=== Working data ===
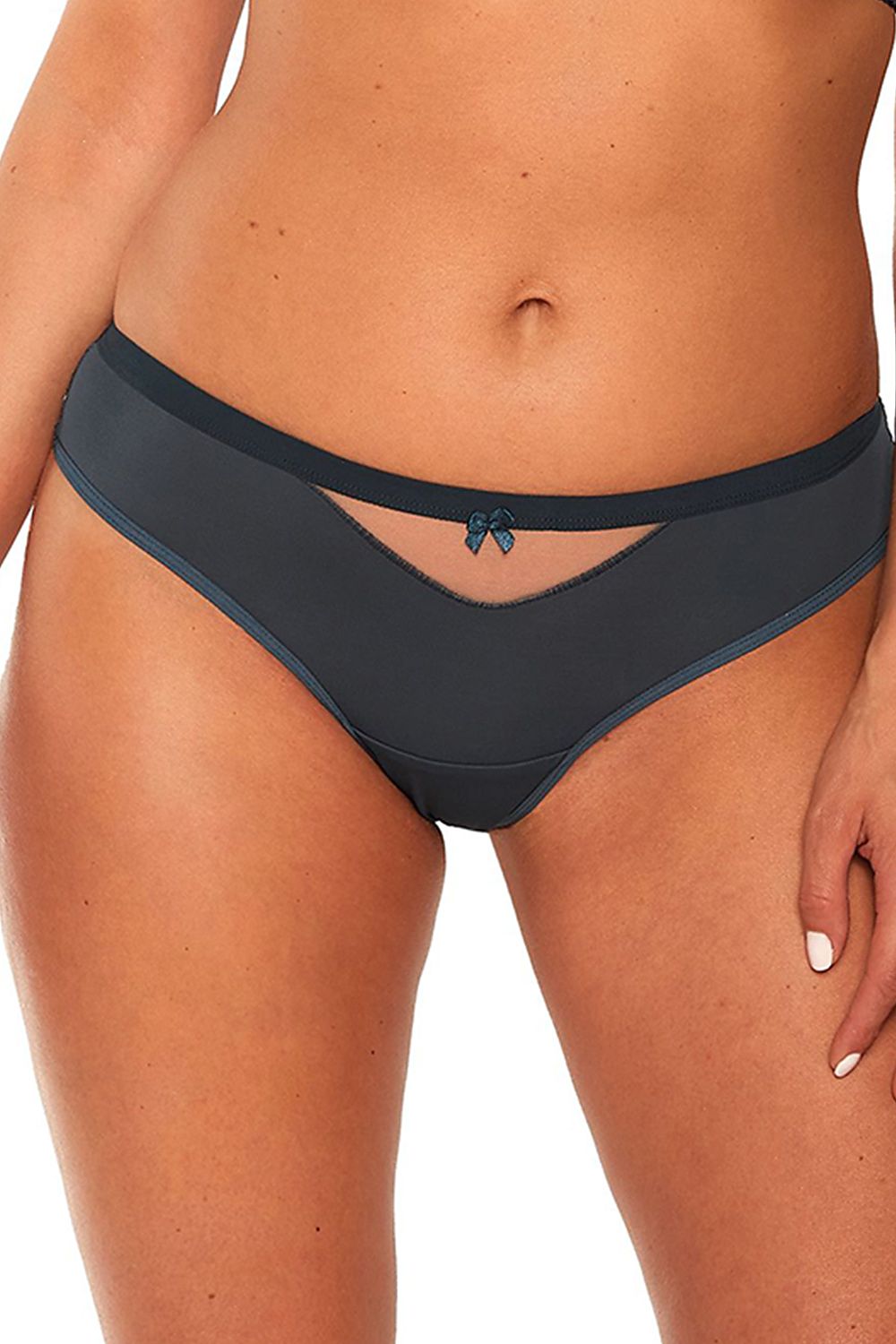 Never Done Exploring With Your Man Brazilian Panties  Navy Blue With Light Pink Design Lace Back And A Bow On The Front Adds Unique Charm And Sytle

---

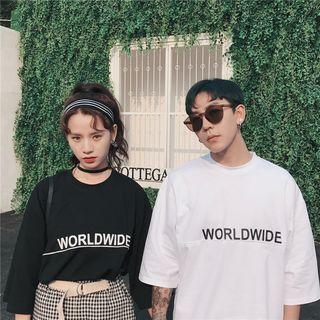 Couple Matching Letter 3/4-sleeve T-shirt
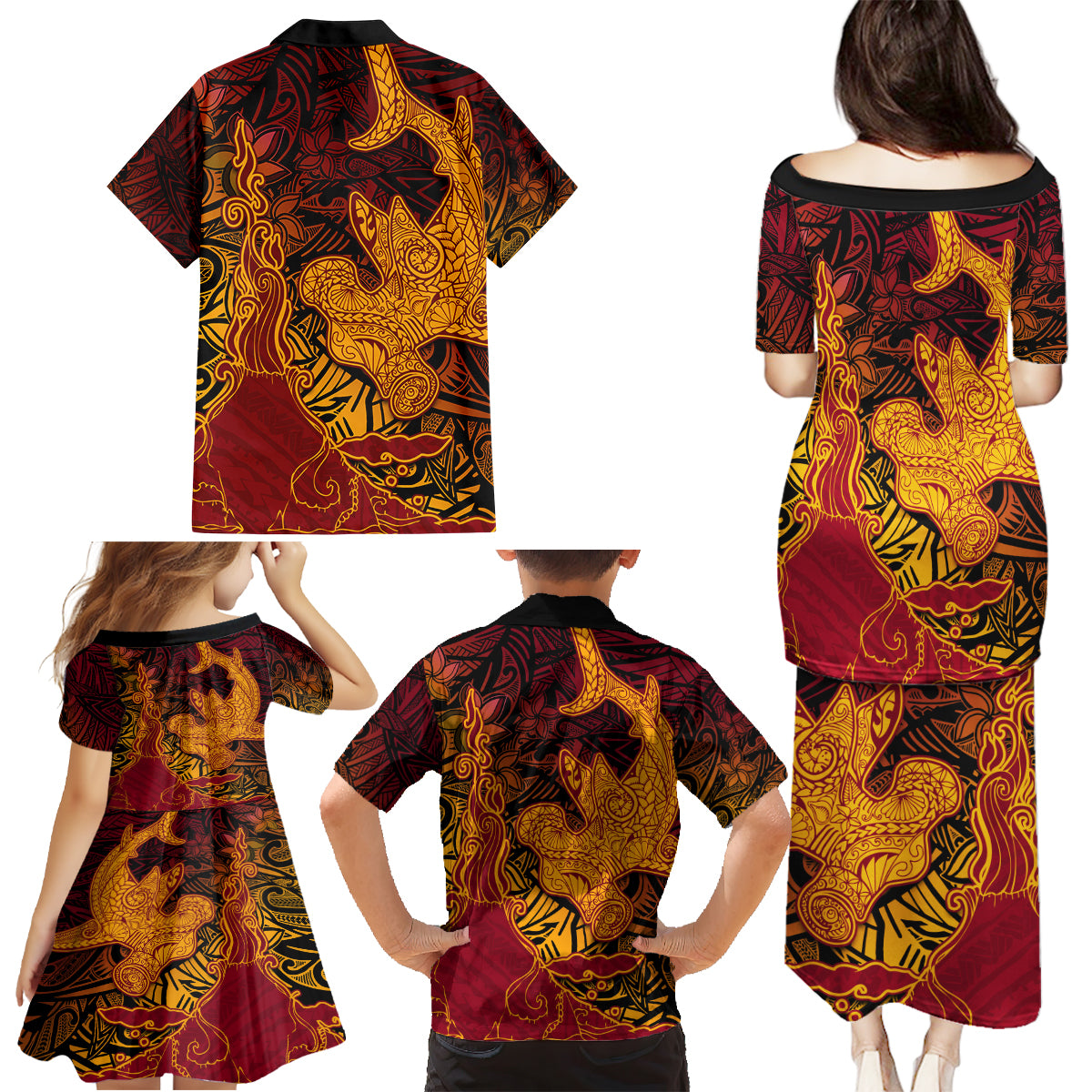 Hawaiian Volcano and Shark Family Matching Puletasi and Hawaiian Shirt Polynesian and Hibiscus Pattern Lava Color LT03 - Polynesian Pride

==

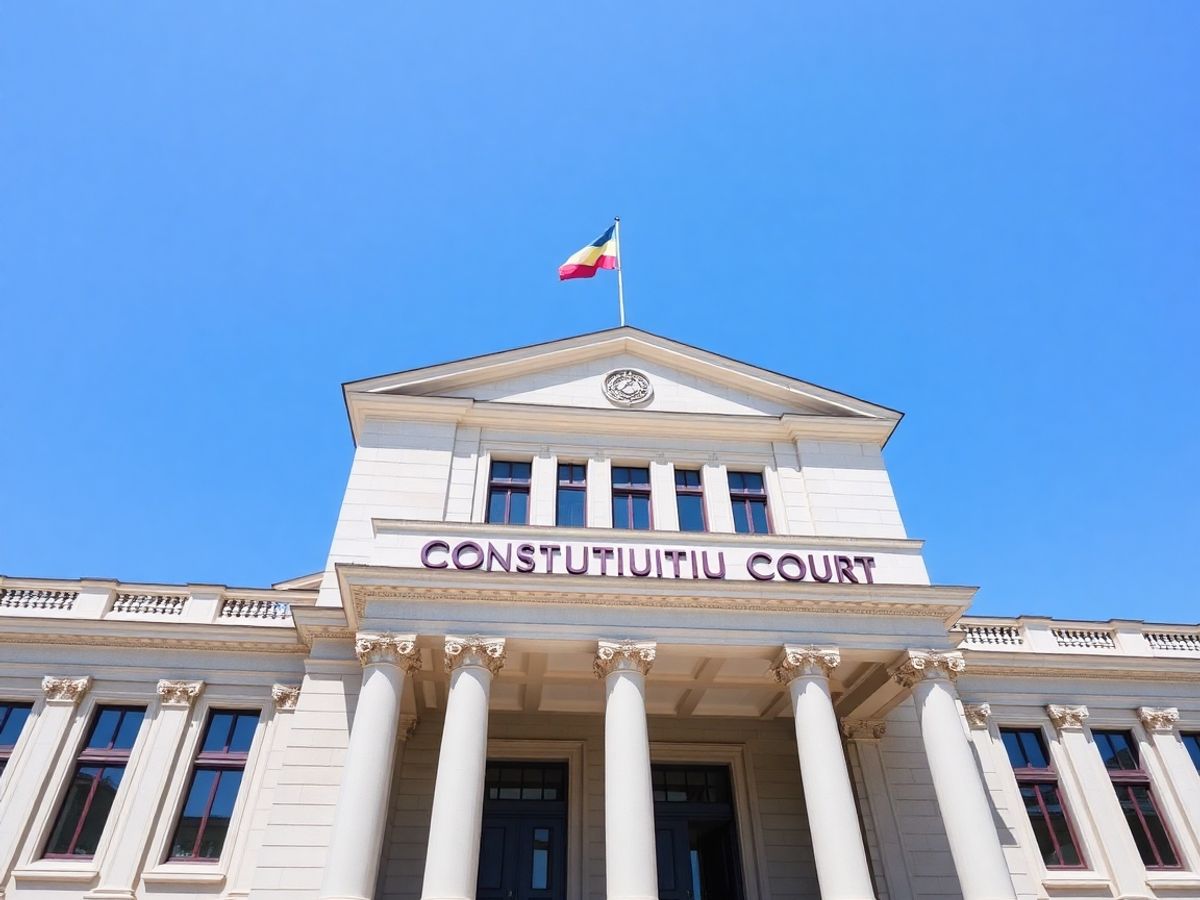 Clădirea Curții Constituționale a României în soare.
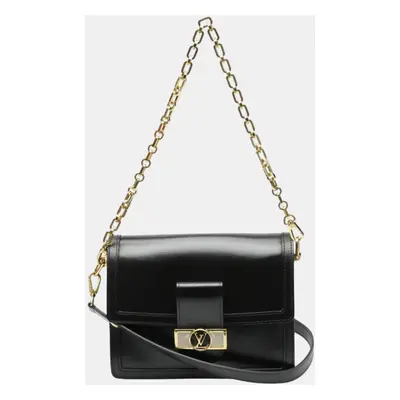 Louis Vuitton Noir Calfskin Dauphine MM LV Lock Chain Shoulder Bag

=== Task item ===
The lines above starting at the one that holds "Couple Matching Letter 3/4-sleeve T-shirt" and ending at the one that holds "Hawaiian Volcano and" are to be written out exactly, ends included, and no pictures are to be copied.

=== Answer space ===
 Couple Matching Letter 3/4-sleeve T-shirt
 Hawaiian Volcano and Shark Family Matching Puletasi and Hawaiian Shirt Polynesian and Hibiscus Pattern Lava Color LT03 - Polynesian Pride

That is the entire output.